= DESCRIPTION OF THE TASK =
All that is wanted is the exact lines from the one with "AK / Ansichtskarte" through the last line of the entries, with both ends kept and every picture left out.

Dataset excerpts:
╔══

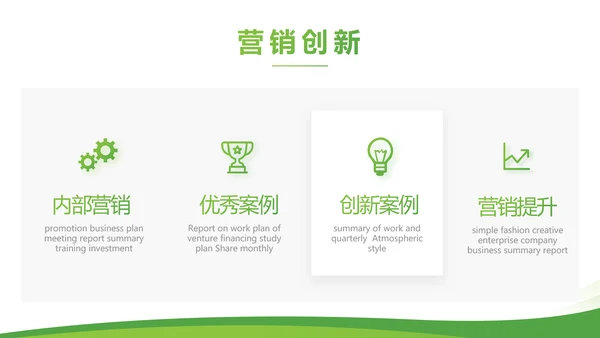 绿色大气保险公司教师工作总结计划动态PPT模板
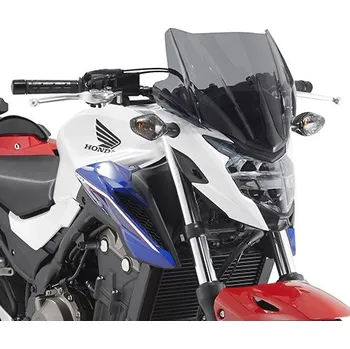 Motodíl A1152 plexi kouřové Honda CB 500 F (16-18), vxš 312x408 mm, včetně montážní sady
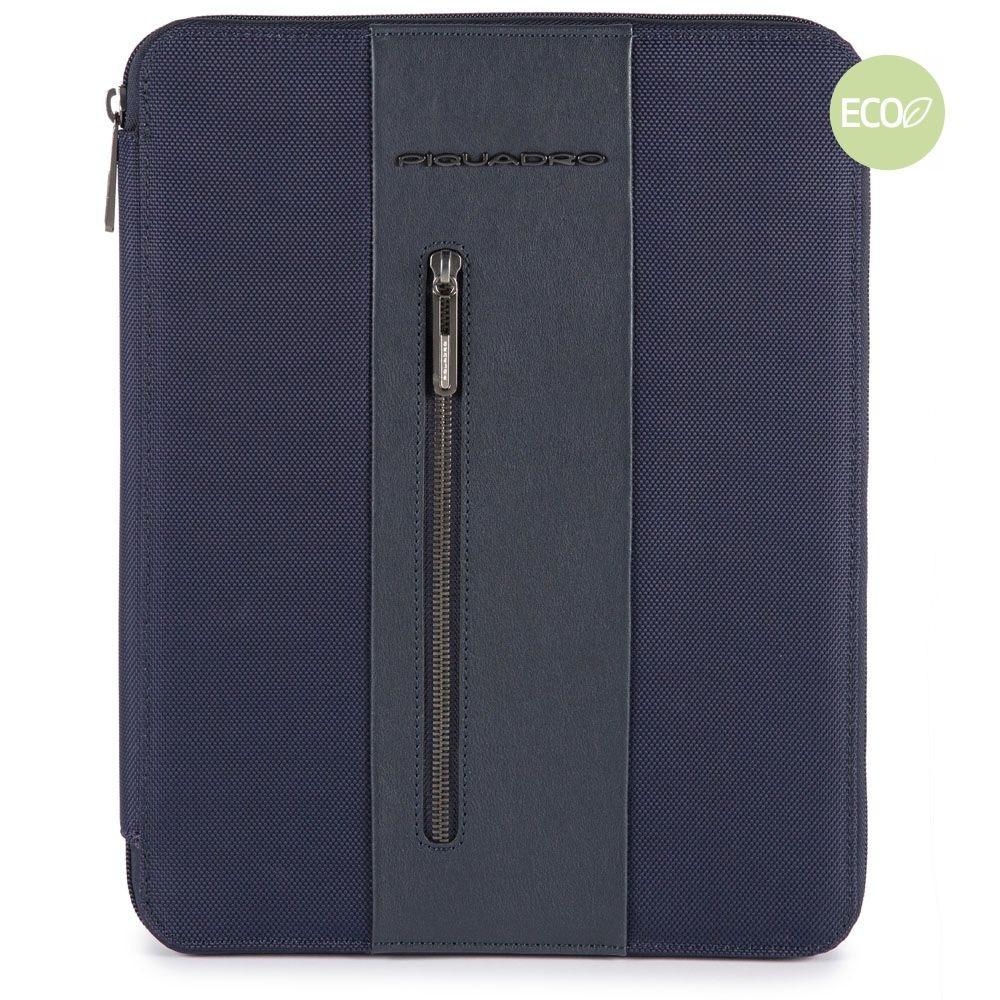 Portablocco in tessuto riciclato PB5483BR2 BLU PIQUADRO 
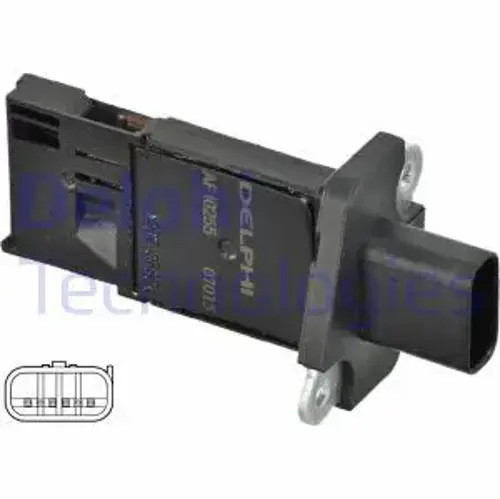 Air flow meter - , without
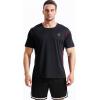 imageNELEUS Mens Dry Fit Athletic Running ShirtZ027 BlackGreyBlue 3 Pack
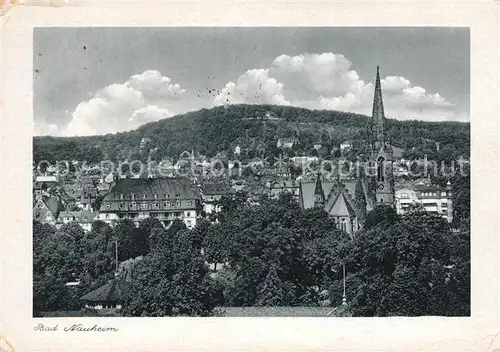 AK / Ansichtskarte Bad Nauheim Stadtansicht mit Kirche Kat. Bad Nauheim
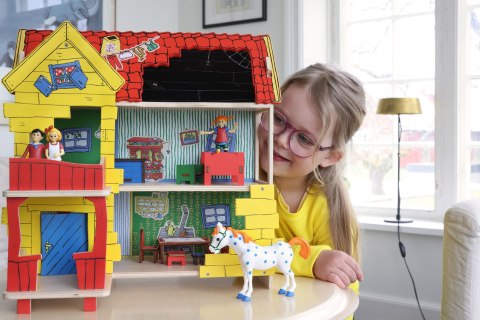 Figurka Pippi Langstrumpf zestaw z koniem do zabawy, zabawka dla dzieci koń Figurka Pippi Langstrumpf zestaw z koniem do zabawy, zabawka dla dzieci koń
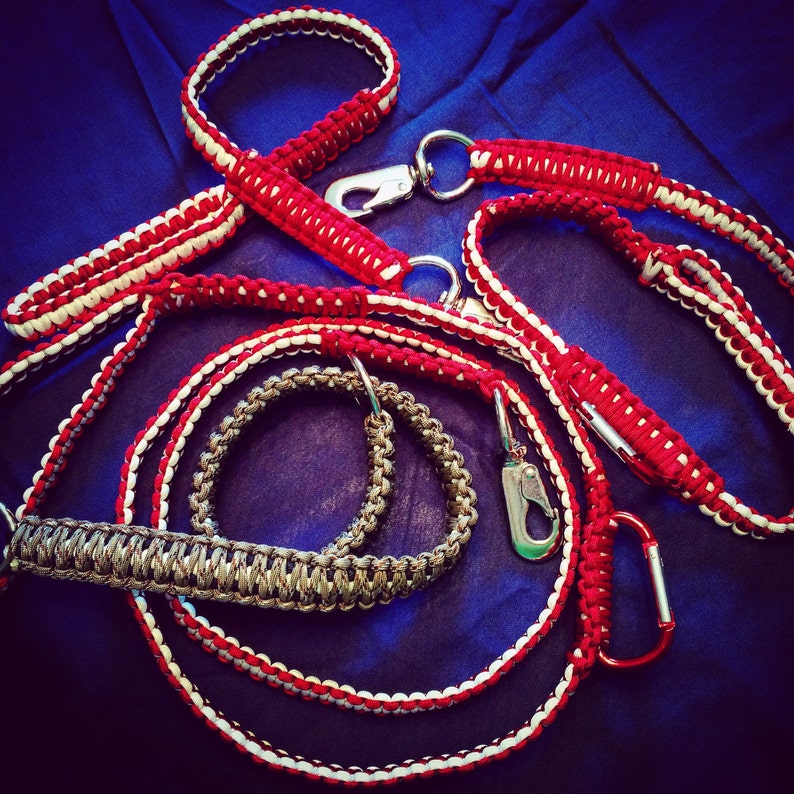 Paracord Dog Leash and Collar Bundle King Cobra Knot Etsy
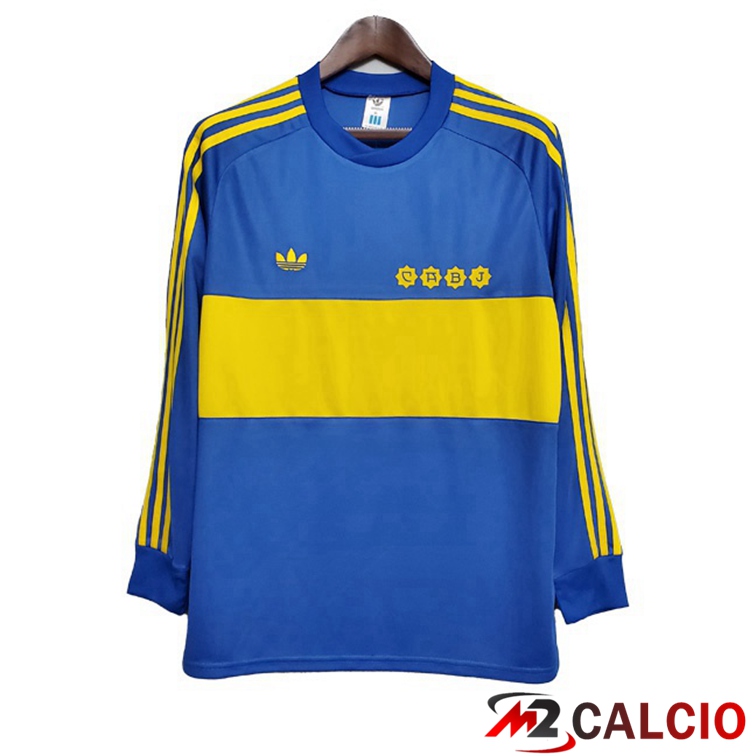 Maglie Calcio Boca Juniors Retro Prima Manica Lunga Blu 1981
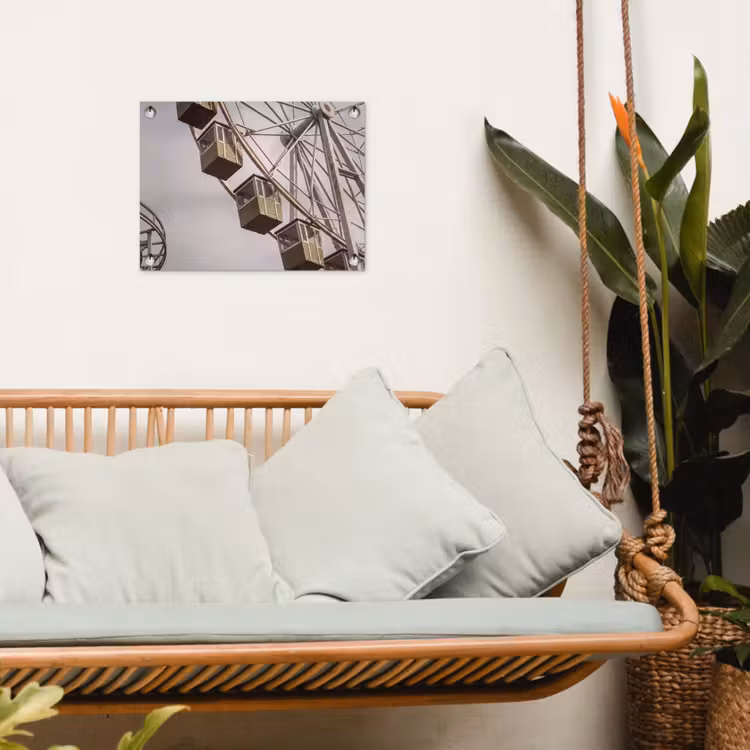 Gartenposter - Riesenrad – Attraktion – Grün — 4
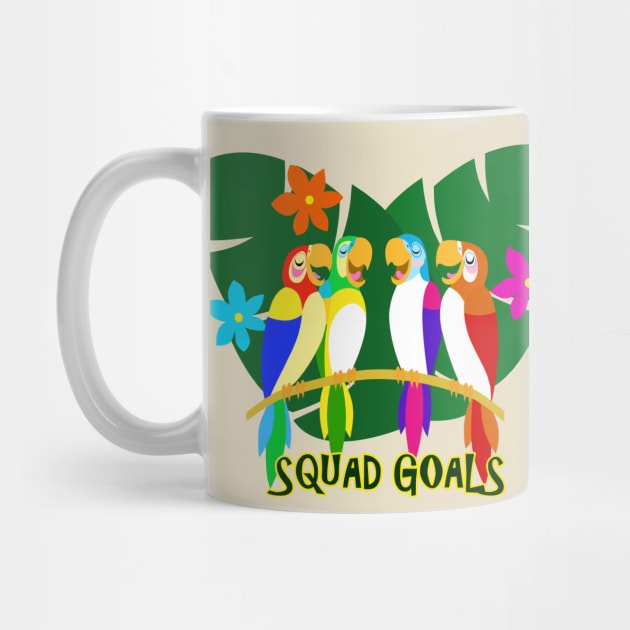 Feathered Friends Squad Goals by Sunshone1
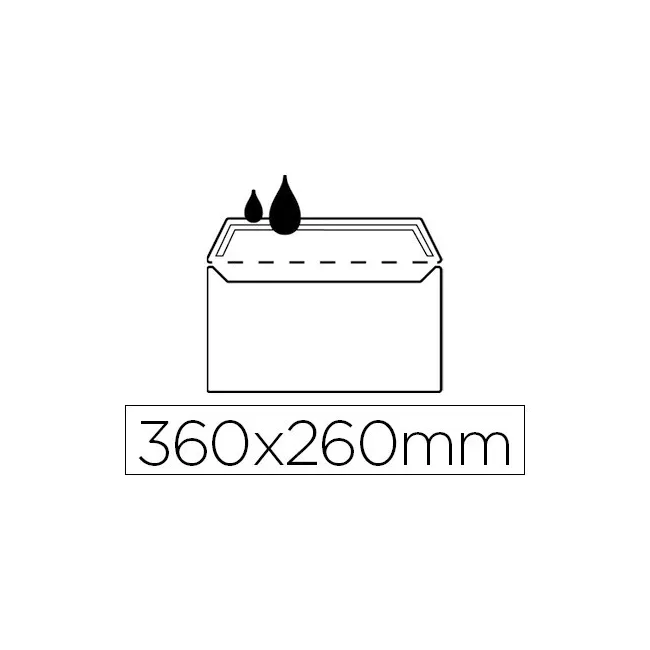 SOBRE LIDERPAPEL N.16 BLANCO FOLIO ESPECIAL 260X360MM ENGOMADO CAJA...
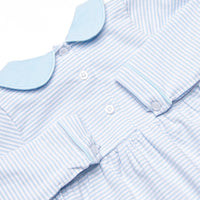 Park Avenue Pooch Applique Collared Bubble, Blue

╚══

= TASK SOLUTION =
 AK / Ansichtskarte Bad Nauheim Stadtansicht mit Kirche Kat. Bad Nauheim
 Figurka Pippi Langstrumpf zestaw z koniem do zabawy, zabawka dla dzieci koń Figurka Pippi Langstrumpf zestaw z koniem do zabawy, zabawka dla dzieci koń
 Paracord Dog Leash and Collar Bundle King Cobra Knot Etsy
 Maglie Calcio Boca Juniors Retro Prima Manica Lunga Blu 1981
 Gartenposter - Riesenrad – Attraktion – Grün — 4
 Feathered Friends Squad Goals by Sunshone1
 SOBRE LIDERPAPEL N.16 BLANCO FOLIO ESPECIAL 260X360MM ENGOMADO CAJA...
 Park Avenue Pooch Applique Collared Bubble, Blue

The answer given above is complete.